How much of the behind-the-scenes are you going to give fans access to on the DVD/Blu-Ray home release Kickstarter reward? You must have dozens and dozens of hours of footage, but you also have the Eric Stoltz footage out there, too. You've had to make hard choices.
We were intentionally diligent in terms of putting the behind-the-scenes videos out, so that's seeing the filmmaking process. That we've been open and honest with people. As far as the interviews, themselves, most of the interviews have gone 30 minutes to an hour depending on who it is. We interviewed Bob Gale twice at over an hour each. In total, we've interviewed 50 people, so we have around 50 hours of footage. Are we going to release it all? No. It's just not feasible, the delivery will be impossible. I would love everyone to see the Michael J. Fox interview in its entirety. We'll probably do that, but I have to put a big asterisk on that right now because we don't know who's going to buy this film, yet, and what that distribution plan is, and whether they're going to inhibit us from doing some of that. I can't imagine why, but I can't speak for them, either. But to see the full Christopher Lloyd interview, the whole Michael J. Fox interview – we're planning on doing something cool for the special features similar what we did at WonderCon, running down the whole process of each shoot and talk about making it. It's the old saying about the journey being just as good and, in this project, it really was.
Now that the second Kickstarter has closed, you raised over $143,000 and you reached one of your stretch goals. Still, people continue to trickle in and find out about the project. How can people continue to connect with the journey of your film from this point?
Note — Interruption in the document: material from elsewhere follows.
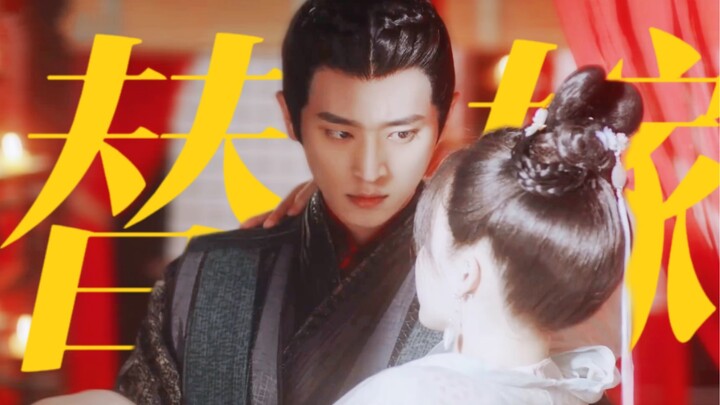"假的沈沁又如何，是我真的夫人就行"换脸替嫁！他哪是先婚后爱啊，明明是一见钟情！冷面将军与纯情画师的双向暗恋，居然这么好磕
First of all, we're not done shooting. We're not going to stop, in terms of producing and releasing behind-the-scenes videos. As we go through the post process, right now we have a composer lined up who's going to be doing this entire score playing everything by hand, no MIDI and we'll be filming pieces of that, the edit, the coloring process, we're hoping to hit the film festival circuit. So, we'll be doing more appearances like San Diego Comic-Con, New York Comic-Con.
We'll be at the Tribeca Film Festival on Saturday, April 25th. It will be a gigantic panel as they play Back to the Future there. Then, the following Sunday, we'll be at C2E2 in Chicago, April 26th. The journey doesn't stop for us. If anything, it's going to be more hectic. We want to build a buzz. We had 2,600 Facebook likes before our Kickstarter, we have over 6,000 now. Percentage of growth in a four-six week span is crazy. 10 people just came up to us at the panel said they never heard of the documentary, so we'll continue to put the word out and let people know this is coming.
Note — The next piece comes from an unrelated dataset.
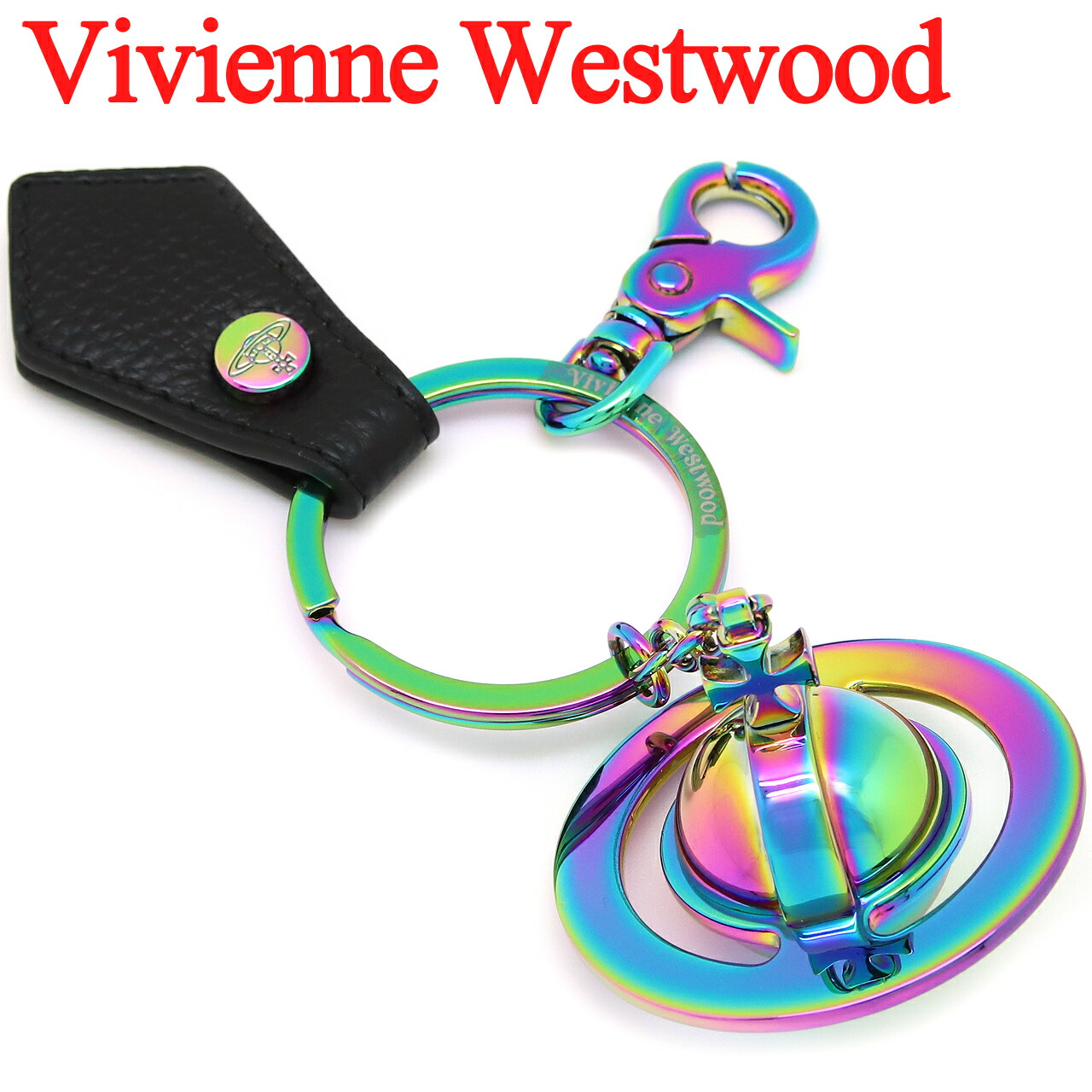 楽天市場】ヴィヴィアンウエストウッド 立体オーブキーリング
What do you want to leave the fans who are patiently waiting for Back in Time?
We've strived to make THE Back to the Future documentary. That, in 20 years, when it's the 50th anniversary, people are still watching this as an interesting take on Back to the Future. We want this to become the accompanying piece, the album liner for Back to the Future, and we're doing our best to do that, and that's what people can look forward to.